There are so many great dramas on TV these days that some people call this a "Golden Age of Dramas." Whether you're streaming the addictive fourth season of "House of Cards" on Netflix or binging on five seasons of HBO's "Game of Thrones," it's not hard to find high-quality, complex, and intense dramas.
But, sometimes, you just want to laugh. Who doesn't need to have some lighthearted, feelgood chuckles every once in a while? As it turns out, TV critics are raving about a couple of new original TV comedies that just happen to be streaming, and that you'll love.
We'll tell you about those. Plus, a must-see documentary about a part of the world you haven't seen, and "Star Wars: The Force Awakens." One of the biggest movie blockbusters is now on TV screens.
Are you ready for the details? Here we go.
1. The Ranch
Where to stream it: Netflix (free with subscription).

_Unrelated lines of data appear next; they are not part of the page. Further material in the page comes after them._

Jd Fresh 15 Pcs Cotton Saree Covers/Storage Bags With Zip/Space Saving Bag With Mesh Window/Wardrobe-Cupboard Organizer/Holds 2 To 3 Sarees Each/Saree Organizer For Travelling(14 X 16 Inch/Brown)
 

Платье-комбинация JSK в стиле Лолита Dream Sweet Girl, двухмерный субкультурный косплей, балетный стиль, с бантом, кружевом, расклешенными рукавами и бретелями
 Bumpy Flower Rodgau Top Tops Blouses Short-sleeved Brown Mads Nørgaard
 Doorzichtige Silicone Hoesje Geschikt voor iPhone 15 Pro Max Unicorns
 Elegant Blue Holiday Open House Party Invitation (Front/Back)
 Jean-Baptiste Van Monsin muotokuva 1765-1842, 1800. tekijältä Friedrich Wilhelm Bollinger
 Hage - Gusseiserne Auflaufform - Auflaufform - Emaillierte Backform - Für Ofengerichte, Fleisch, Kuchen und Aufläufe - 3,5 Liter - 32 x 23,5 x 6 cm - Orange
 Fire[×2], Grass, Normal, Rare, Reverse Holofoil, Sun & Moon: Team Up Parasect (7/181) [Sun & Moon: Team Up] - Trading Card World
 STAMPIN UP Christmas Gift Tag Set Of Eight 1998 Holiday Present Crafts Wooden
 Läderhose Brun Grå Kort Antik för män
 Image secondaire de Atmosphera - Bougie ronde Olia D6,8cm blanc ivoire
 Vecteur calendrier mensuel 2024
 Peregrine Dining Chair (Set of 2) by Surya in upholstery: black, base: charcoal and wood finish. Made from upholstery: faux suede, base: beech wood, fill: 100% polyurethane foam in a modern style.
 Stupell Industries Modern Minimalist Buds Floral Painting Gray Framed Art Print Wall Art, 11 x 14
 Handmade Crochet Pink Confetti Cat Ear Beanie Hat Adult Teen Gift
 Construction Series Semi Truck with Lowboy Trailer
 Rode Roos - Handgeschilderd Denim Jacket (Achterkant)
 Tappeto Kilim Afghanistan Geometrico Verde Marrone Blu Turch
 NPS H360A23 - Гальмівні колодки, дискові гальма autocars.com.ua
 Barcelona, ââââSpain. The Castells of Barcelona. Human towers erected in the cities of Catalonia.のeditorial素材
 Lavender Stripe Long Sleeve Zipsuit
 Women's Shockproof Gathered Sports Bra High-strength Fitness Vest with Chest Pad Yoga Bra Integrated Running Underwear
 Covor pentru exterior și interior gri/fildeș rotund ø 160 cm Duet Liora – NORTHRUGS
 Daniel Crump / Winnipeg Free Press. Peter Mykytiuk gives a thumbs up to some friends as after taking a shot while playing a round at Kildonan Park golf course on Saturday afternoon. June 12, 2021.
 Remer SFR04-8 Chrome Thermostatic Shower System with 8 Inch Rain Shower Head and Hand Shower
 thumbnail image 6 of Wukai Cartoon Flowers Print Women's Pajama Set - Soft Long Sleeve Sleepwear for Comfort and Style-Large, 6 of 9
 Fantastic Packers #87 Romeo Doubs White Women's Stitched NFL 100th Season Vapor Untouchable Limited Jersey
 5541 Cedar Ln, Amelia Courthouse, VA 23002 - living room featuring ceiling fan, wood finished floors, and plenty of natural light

Overview: Starring Ashton Kutcher, Danny Masterson, Sam Elliott, Debra Winger; from Ranch Hand Productions
Netflix's new sitcom, "The Ranch," is getting a lot of attention for being Ashton Kutcher's first sitcom since "Two and a Half Men" ended its run. It's also getting attention for reuniting Kutcher with his "That '70s Show" costar Danny Masterson.
Kutcher stars as a professional football player, Colt, who returns to his family's Colorado ranch after his football career fizzles. There, he rekindles a long-strained relationship with his dad.
But "The Ranch," from "Two and a Half Men" producers Don Reo and Jim Patterson, has better reasons for you to check it out. One is scene-stealing, deep-voiced Sam Elliott ("Justified") as Colt's dad, and 1980s icon Debra Winger ("An Officer and a Gentleman"). She plays Colt's mom.
An even better reason to check it out is that "The Ranch" is funny. It's a throwback to another era. There's a live studio audience and a laugh track, and it's mostly recorded on a Hollywood set. The first 10 episodes are streaming now.
Mini-Review: "'The Ranch' sounds formulaic at first - and mostly, it is. But then it hits you with the hook: a note of raw, acoustic emotion that cuts through the slick studio production." (New York Times.)